Task statement » Send each entry back exactly as given, pictures excluded.

======

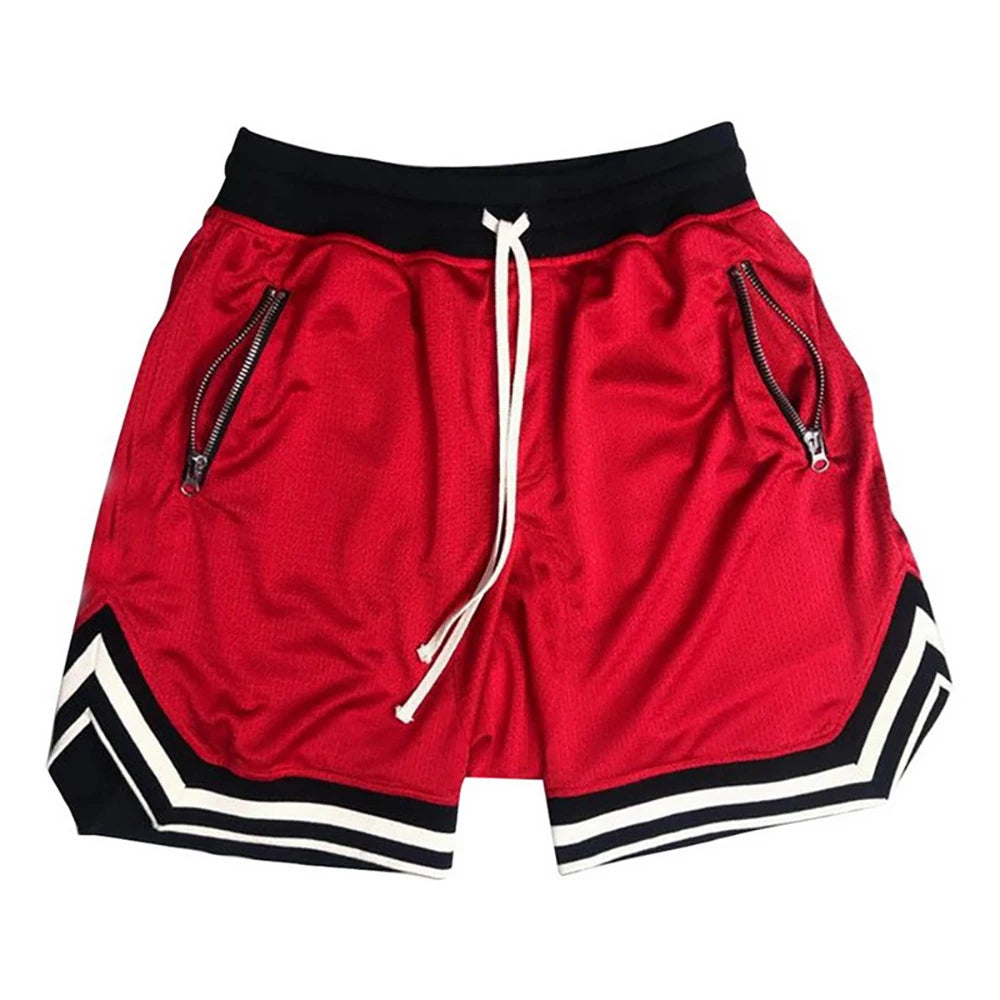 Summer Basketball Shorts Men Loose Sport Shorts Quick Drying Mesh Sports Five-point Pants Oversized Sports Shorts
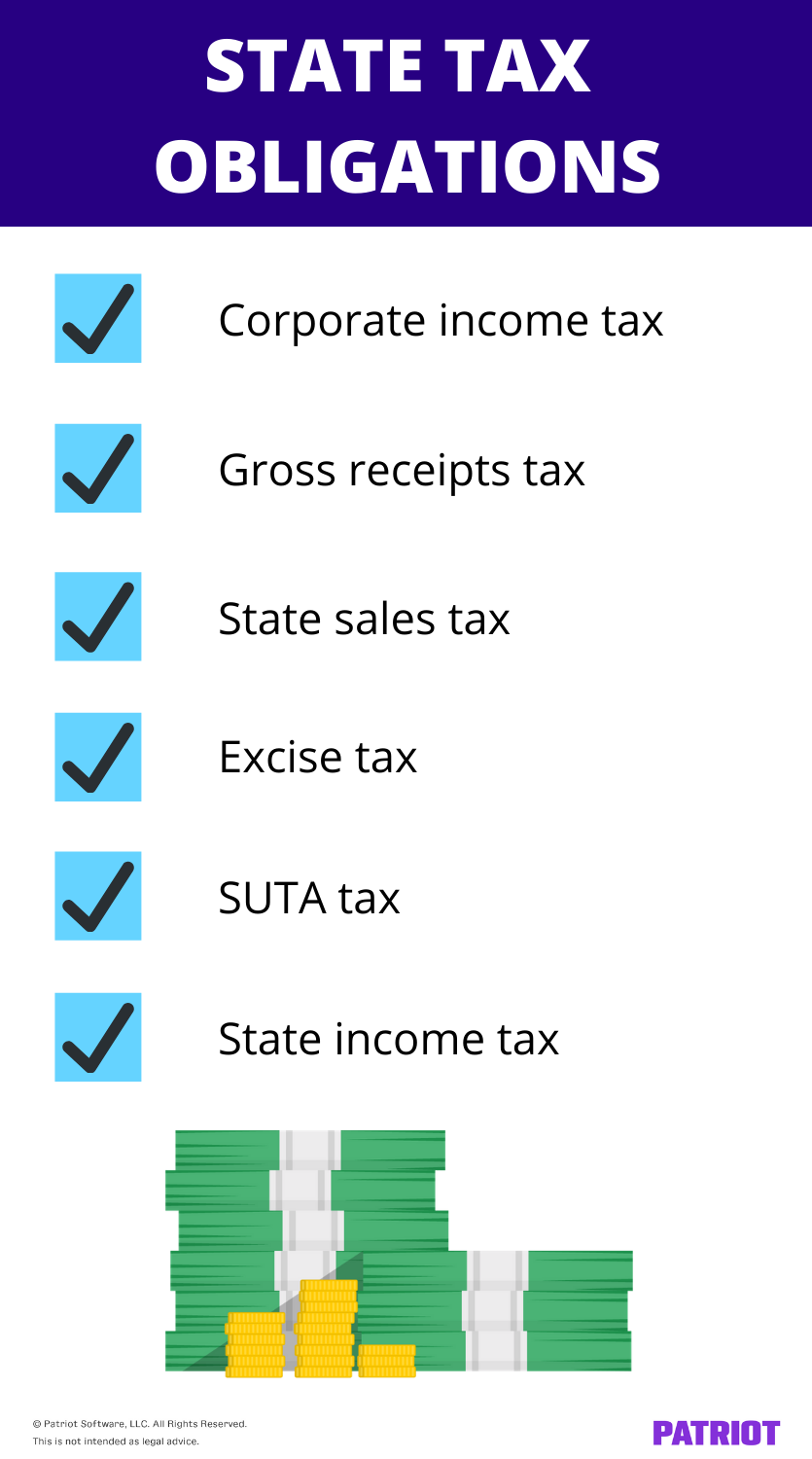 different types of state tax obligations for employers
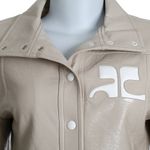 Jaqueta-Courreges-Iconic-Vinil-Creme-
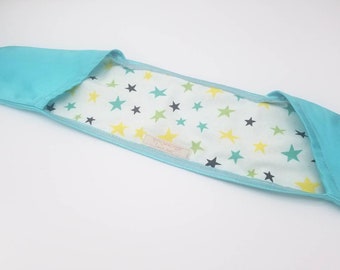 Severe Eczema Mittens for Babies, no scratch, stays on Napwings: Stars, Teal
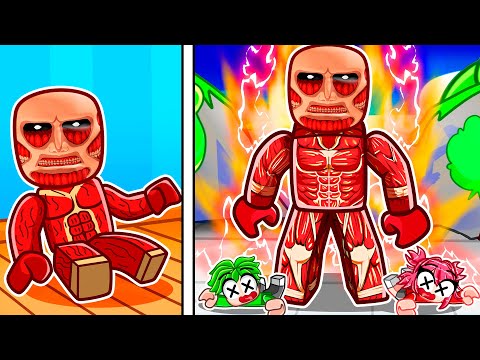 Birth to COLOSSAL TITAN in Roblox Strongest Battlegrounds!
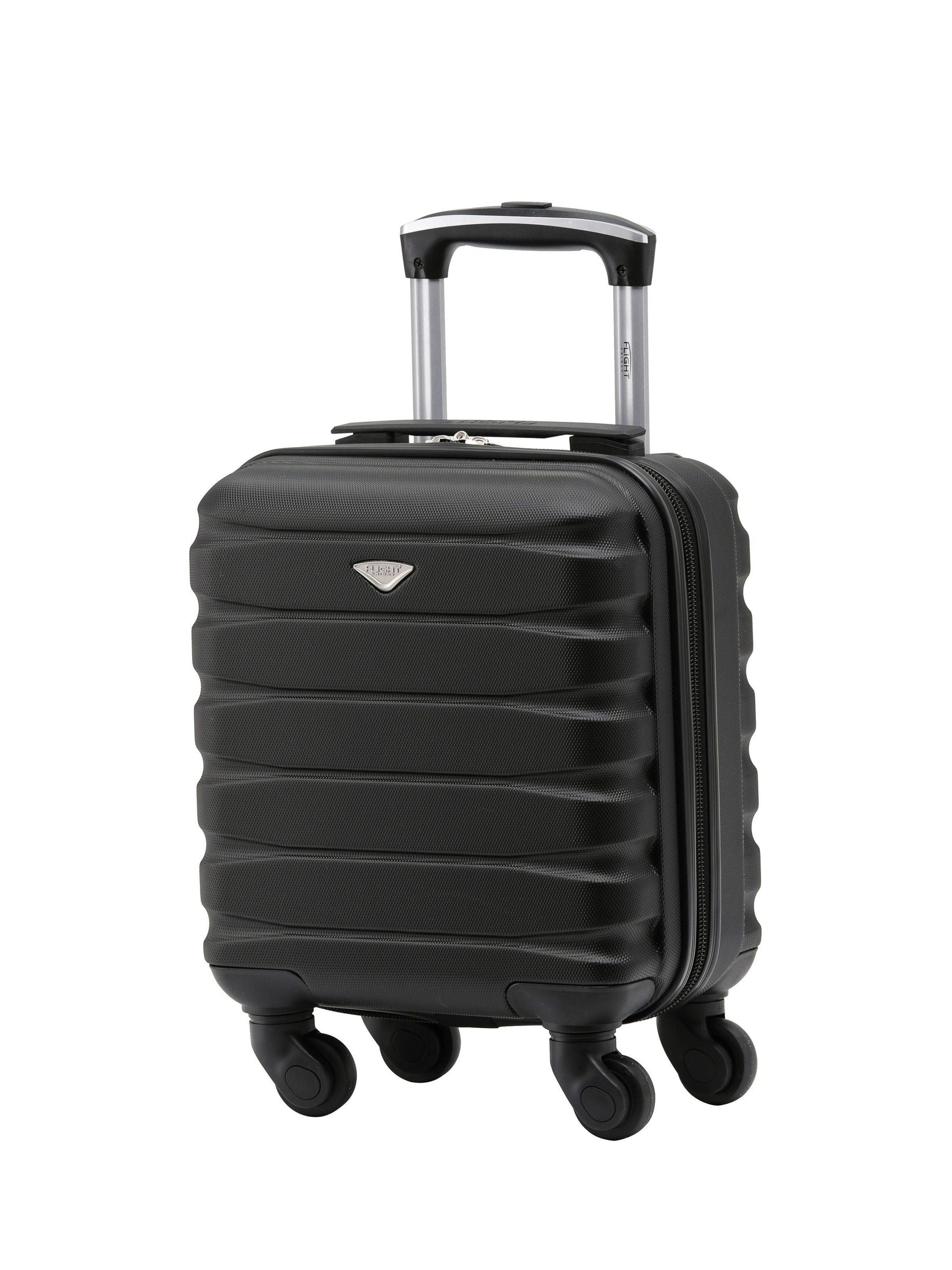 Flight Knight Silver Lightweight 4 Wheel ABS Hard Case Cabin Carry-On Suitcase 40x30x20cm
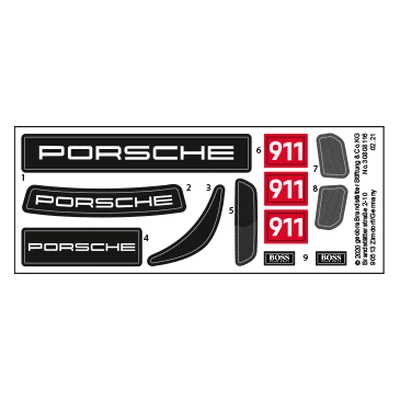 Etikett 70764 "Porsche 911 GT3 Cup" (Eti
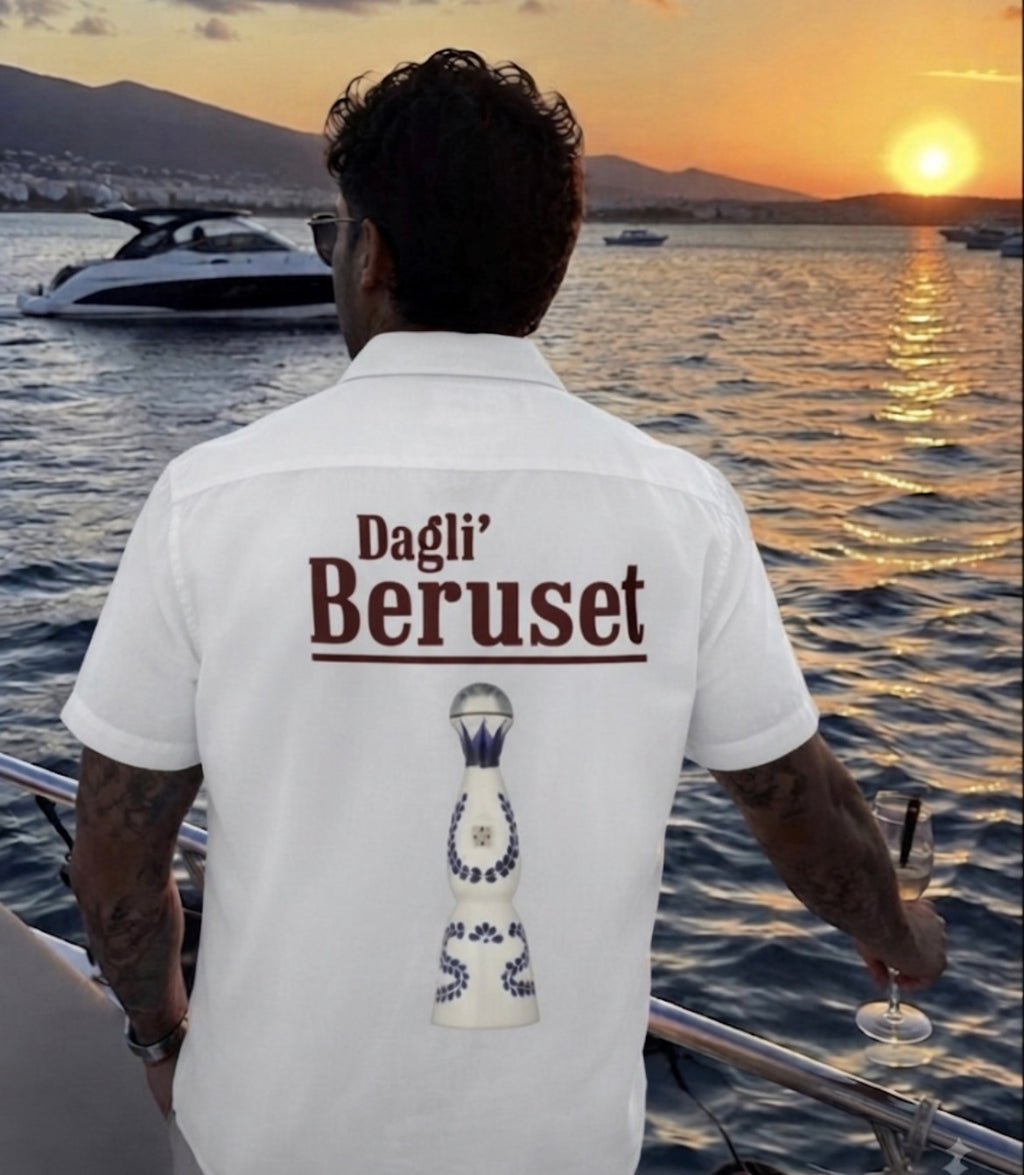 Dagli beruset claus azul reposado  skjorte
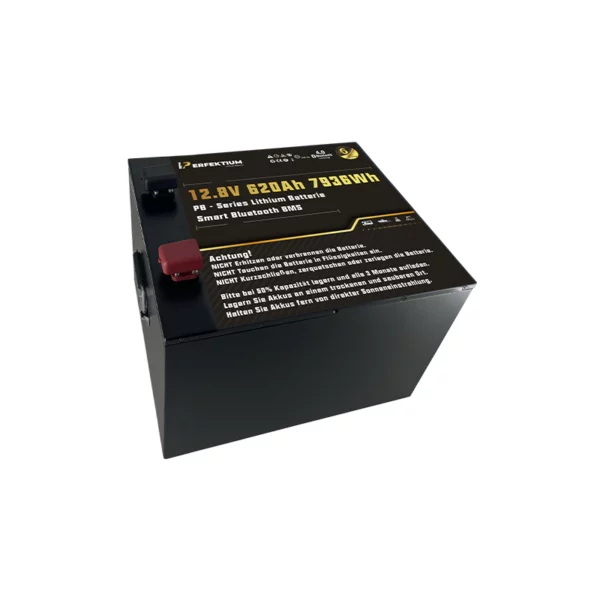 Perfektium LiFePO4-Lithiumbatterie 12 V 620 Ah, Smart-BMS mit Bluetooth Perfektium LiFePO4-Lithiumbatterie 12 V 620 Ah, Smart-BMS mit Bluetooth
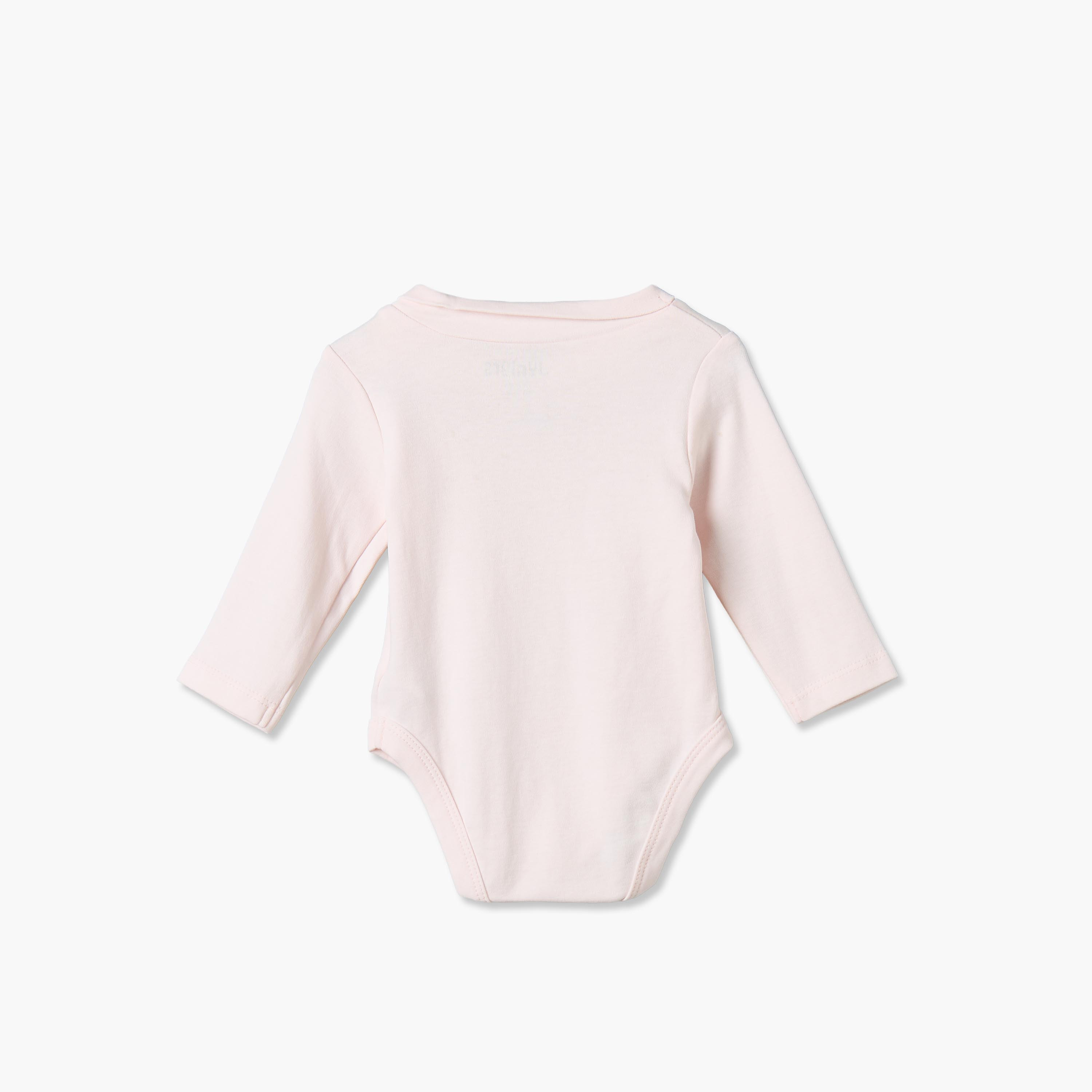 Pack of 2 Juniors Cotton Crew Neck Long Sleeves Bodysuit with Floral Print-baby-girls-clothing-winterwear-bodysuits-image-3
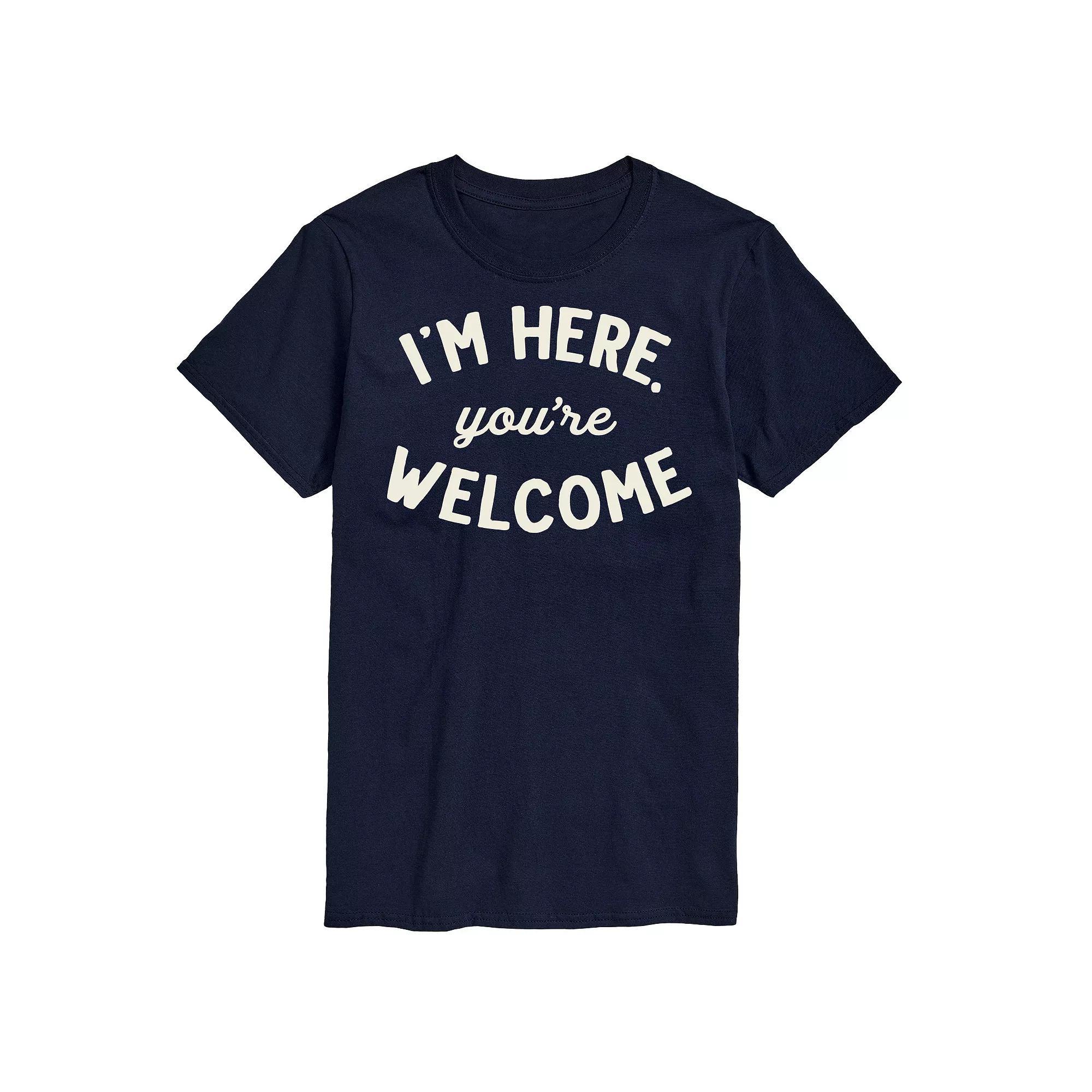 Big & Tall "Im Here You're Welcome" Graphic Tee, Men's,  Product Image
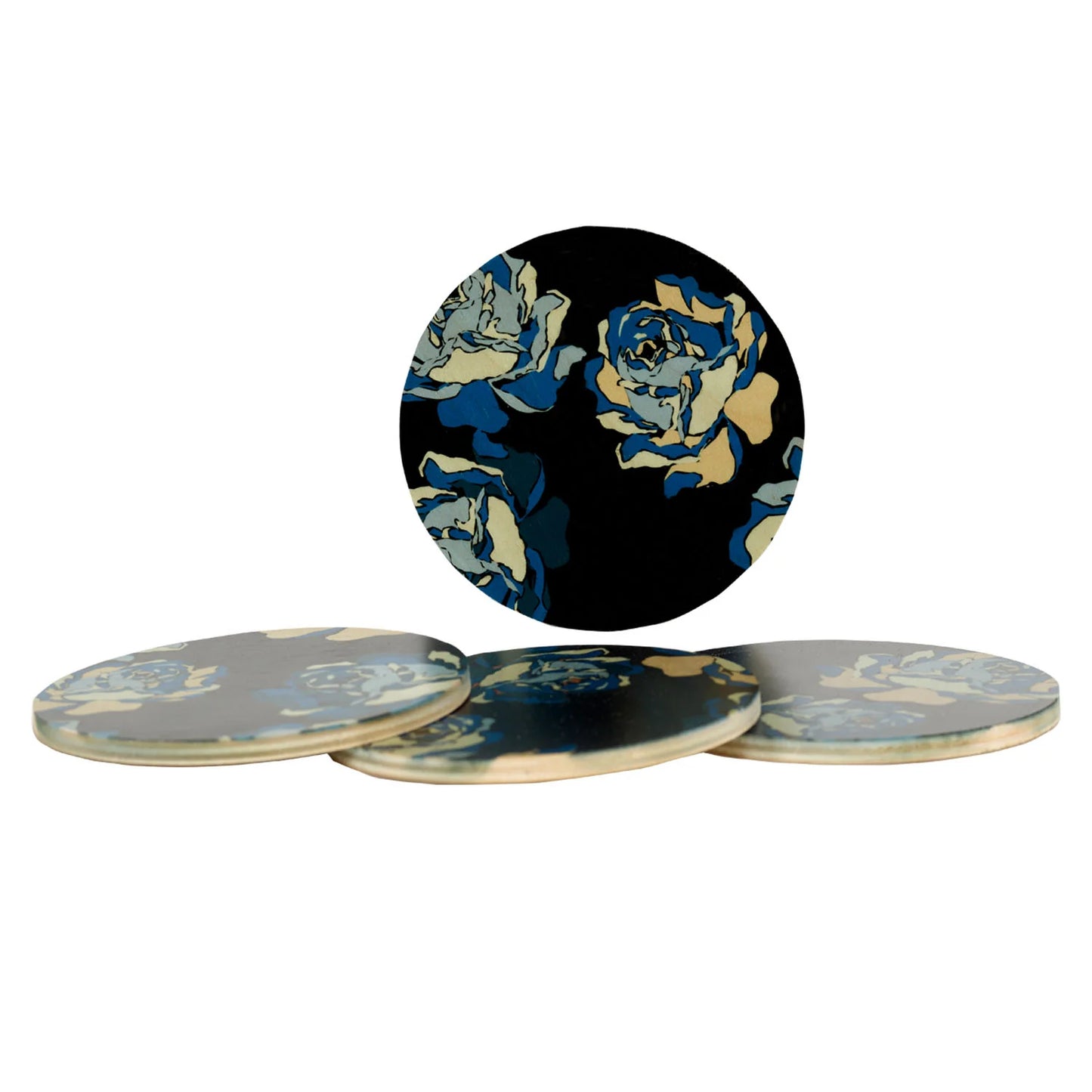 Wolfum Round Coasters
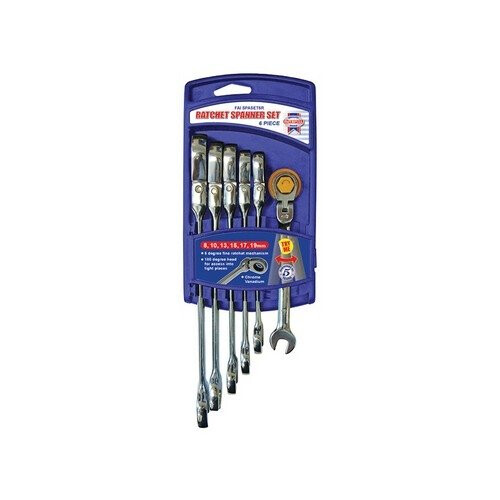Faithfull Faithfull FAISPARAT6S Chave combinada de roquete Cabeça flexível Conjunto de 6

======

Response area »
 Summer Basketball Shorts Men Loose Sport Shorts Quick Drying Mesh Sports Five-point Pants Oversized Sports Shorts
 different types of state tax obligations for employers
 Jaqueta-Courreges-Iconic-Vinil-Creme-
 Severe Eczema Mittens for Babies, no scratch, stays on Napwings: Stars, Teal
 Birth to COLOSSAL TITAN in Roblox Strongest Battlegrounds!
 Flight Knight Silver Lightweight 4 Wheel ABS Hard Case Cabin Carry-On Suitcase 40x30x20cm
 Etikett 70764 "Porsche 911 GT3 Cup" (Eti
 Dagli beruset claus azul reposado  skjorte
 Perfektium LiFePO4-Lithiumbatterie 12 V 620 Ah, Smart-BMS mit Bluetooth Perfektium LiFePO4-Lithiumbatterie 12 V 620 Ah, Smart-BMS mit Bluetooth
 Pack of 2 Juniors Cotton Crew Neck Long Sleeves Bodysuit with Floral Print-baby-girls-clothing-winterwear-bodysuits-image-3
 Big & Tall "Im Here You're Welcome" Graphic Tee, Men's,  Product Image
 Wolfum Round Coasters
Faithfull Faithfull FAISPARAT6S Chave combinada de roquete Cabeça flexível Conjunto de 6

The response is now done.